Rusty Clusters? Dusting an IPv6 Research Foundation

Investigators: Oliver Gasser in cooperation with Johannes Zirngibl, Lion Steger, Patrick Sattler, and Georg Carle (Technical University of Munich)

The long-running IPv6 Hitlist service is an important foundation for IPv6 measurement studies. It helps to overcome infeasible, complete address space scans by collecting valuable, unbiased IPv6 address candidates and regularly testing their responsiveness. However, the Internet itself is a quickly changing ecosystem that can affect long-running services,potentially inducing biases and obscurities into ongoing data collection means. Frequent analyses but also updates are necessary to enable a valuable service to the community. In this project [1], we showed that the existing IPv6 hitlist is highly impacted by the Great Firewall of China, and we offer a cleaned view on the development of responsive addresses. We evaluated the development of the IPv6 Hitlist over the last four years and new biases introduced by the accumulation of new addresses. Our findings allowed us to filter targets incorrectly tested as responsive. We identified 134 M addresses falsely reported as responsive to UDP/53 by the IPv6 Hitlist since 2018 due to the Great Firewall of China’s DNS injection. While the accumulated input showed an increasing bias towards some networks, the cleaned set of responsive addresses is well distributed and showed a steady increase in the number of addresses. Although it is a best practice to remove aliased prefixes from IPv6 hitlists, in our research project we showed that this also removes major content delivery networks. We analyzed aliased prefixes in more detail and investigated whether the initial definition of a single host responsive to a complete prefix remains correct or whether a set of addresses needs to be treated differently. We showed that aliased prefixes host at least 15 M domains including ranked domains from different top lists. More than 98% of all IPv6 addresses announced by Fastly were labeled as aliased and Cloudflare prefixes hosting more than 10 M domains were excluded. In combination with additional findings, we suggest users of the hitlist to include subsets of these prefixes in future research, depending on the hitlist usage, e.g., higher layer protocol scans. Lastly, we evaluated different new address candidate sources, including target generation algorithms to improve the coverage of the current IPv6 Hitlist.

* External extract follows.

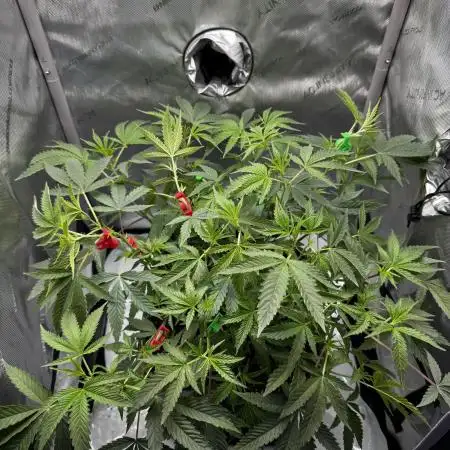 American Pie Organic Earth SCROG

We showed that a combination of different methodologies is able to identify 5.6 M new, responsive addresses. This accounts for an increase by 174 % and combined with the current IPv6 Hitlist, we identified 8.8 M responsive addresses in total. Finally, we updated the IPv6 Hitlist service to allow future research to use our findings within the established service.

• [1] J. Zirngibl, L. Steger, P. Sattler, O. Gasser, and G. Carle. Rusty clusters?: Dusting an IPv6 research foundation. In C. Barakat and C. Pelsser, eds., IMC ’22, ACM Internet Measurement Conference, Nice, France, 2022, pp. 395–409. ACM.

One Bad Apple Can Spoil Your IPv6 Privacy

Investigators: Oliver Gasser and Said Jawad Saidi in cooperation with Georgios Smaragdakis (TU Delft)

IPv6 is being more and more adopted, in part to facilitate the millions of smart devices that have already been installed at home. In this project [1], we found that the privacy of a substantial fraction of end-users is still at risk, despite the efforts by ISPs and electronic vendors to improve end-user security, e.g., by adopting prefix rotation and IPv6 privacy extensions. By analyzing passive data from a large European ISP, we found that around 19% of end-users’ privacy can be at risk, i.e., by the lack of IPv6 privacy extensions usage. Privacy extensions are a technique to generate a random IPv6 address suffix, instead of using the persistent and therefore trackable MAC address in the IPv6 address. When we investigated the root causes, we noticed that a single device at home that encodes its MAC address into the IPv6 address can be utilized as a tracking identifier for the entire end-user prefix—even if other devices use IPv6 privacy extensions. Our results showed that IoT devices contribute the most to this privacy leakage and, to a lesser extent, personal computers and mobile devices. To our surprise, some of the most popular IoT manufacturers have not yet adopted privacy extensions that could otherwise mitigate this privacy risk. Finally, we showed that third-party providers, e.g., popular content, application, or service providers, can track up to 17% of subscriber lines in our study due to lack of IPv6 privacy extensions.

• [1] S. J. Saidi, O. Gasser, and G. Smaragdakis. One bad apple can spoil your IPv6 privacy. ACM SIGCOMM Computer Communication Review, 52(2):10–19, 2022.

Enabling Multi-hop ISP-Hypergiant Collaboration

Investigators: Cristian Munteanu, Oliver Gasser, Anja Feldmann in collaboration with Georgios Smaragdakis (TU DELFT, Netherlands) and Ingmar Poese (BENOCS GmbH)

Today, there is an increasing number of peering agreements between Hypergiants and networks that benefit millions of end-user. However, the majority of Autonomous Systems (more than 50 thousands) do not currently enjoy the benefit of interconnecting directly with Hypergiants to optimally select the path for delivering Hypergiant traffic to their users. In our research, we develop and evaluate an architecture that can help this long-tail of networks. Our architecture includes multiple scenarios—with and without the cooperation of the transit provider. Indeed, the most basic one does not require any changes to the operation of transit providers, nor any re-negotiation of the relationship between networks and their transit providers or Hypergiants and transit providers. In our architecture, a network establishes an out-of-band communication channel with Hypergiants that can be two (or more) AS-hops away and, optionally, with the transit provider. This channel enables the exchange of network information to better assign requests of end-users to appropriate Hypergiant servers. Our analysis using operational data shows that our architecture can optimize, on average, 15% of Hypergiants’ traffic and 11% of the overall traffic of networks that are not inter-connected with Hypergiants. The gains are even higher during peak hours, where available capacity can be scarce. Our results also show that for some Hypergiants, more than 46% of their traffic delivered to networks via non-direct interconnection can be optimized.